**Data extract**:
■ ■ ■ ■ ■ ■ ■
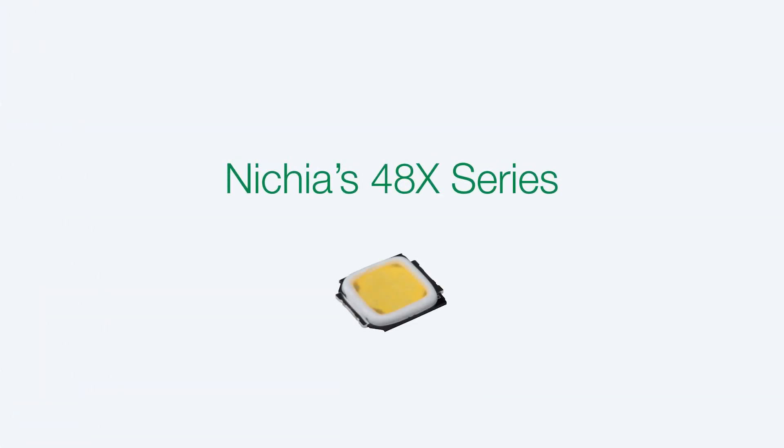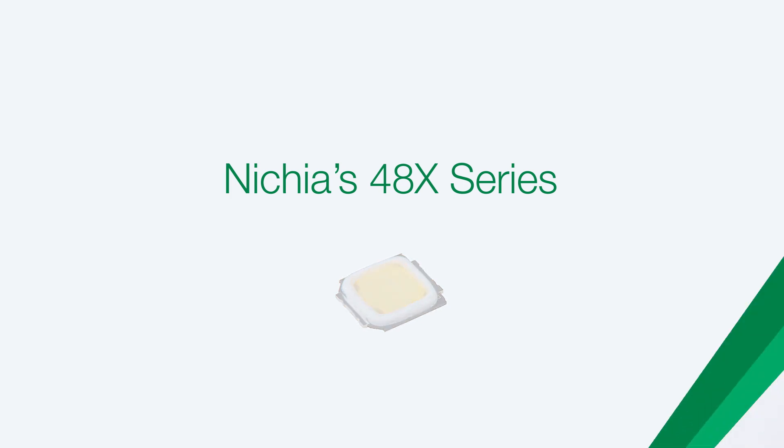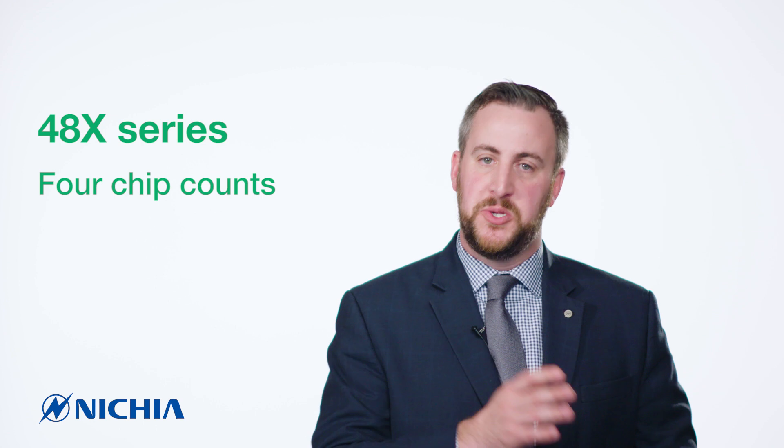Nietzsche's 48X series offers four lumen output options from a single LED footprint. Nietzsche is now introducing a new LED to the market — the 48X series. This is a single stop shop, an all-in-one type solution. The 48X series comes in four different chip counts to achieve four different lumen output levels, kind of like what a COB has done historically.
■ ■ ■ ■ ■ ■ ■
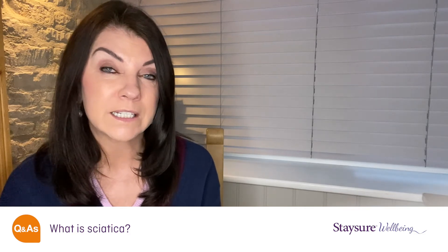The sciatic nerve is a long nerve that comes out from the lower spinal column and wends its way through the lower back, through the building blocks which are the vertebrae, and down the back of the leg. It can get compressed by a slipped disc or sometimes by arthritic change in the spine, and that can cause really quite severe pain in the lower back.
■ ■ ■ ■ ■ ■ ■
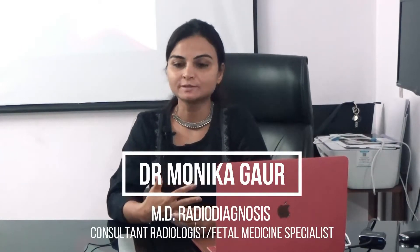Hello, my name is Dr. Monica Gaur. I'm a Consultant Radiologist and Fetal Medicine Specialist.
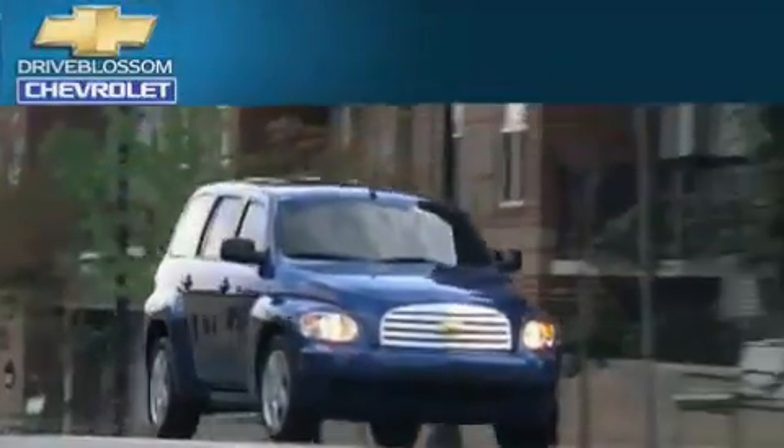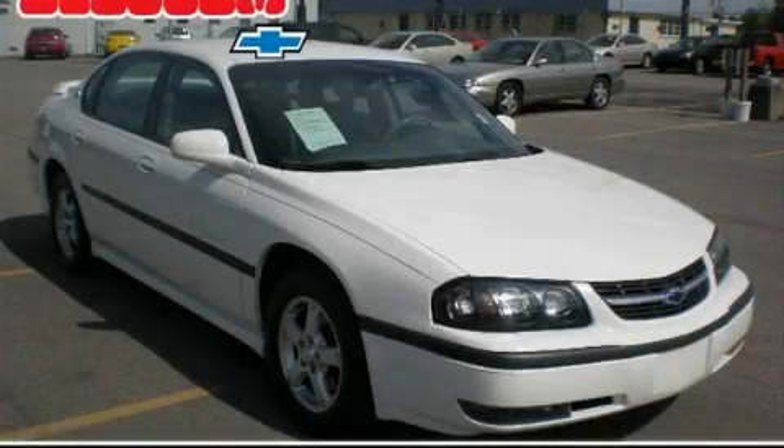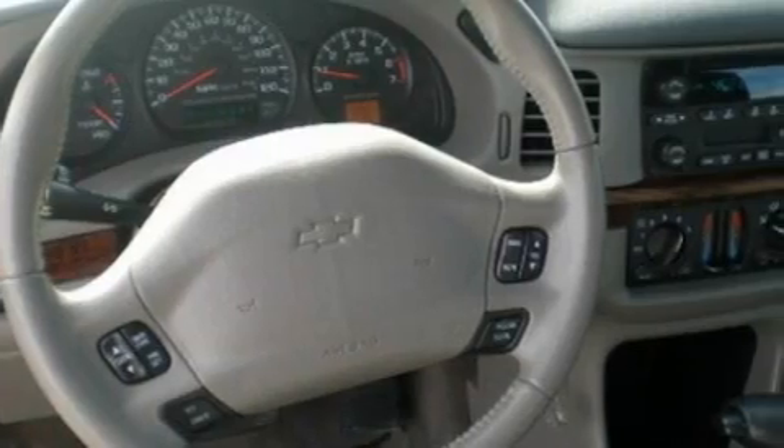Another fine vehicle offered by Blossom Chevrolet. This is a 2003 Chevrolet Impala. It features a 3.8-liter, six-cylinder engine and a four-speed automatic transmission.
■ ■ ■ ■ ■ ■ ■
**Action item**:
For the material above, give again only the lines starting at the line that contains "Hello, my name" and ending at the line that contains "Another fine vehicle". Pictures do not belong in the copy.

**Finished exercise**:
Hello, my name is Dr. Monica Gaur. I'm a Consultant Radiologist and Fetal Medicine Specialist.
Another fine vehicle offered by Blossom Chevrolet. This is a 2003 Chevrolet Impala. It features a 3.8-liter, six-cylinder engine and a four-speed automatic transmission.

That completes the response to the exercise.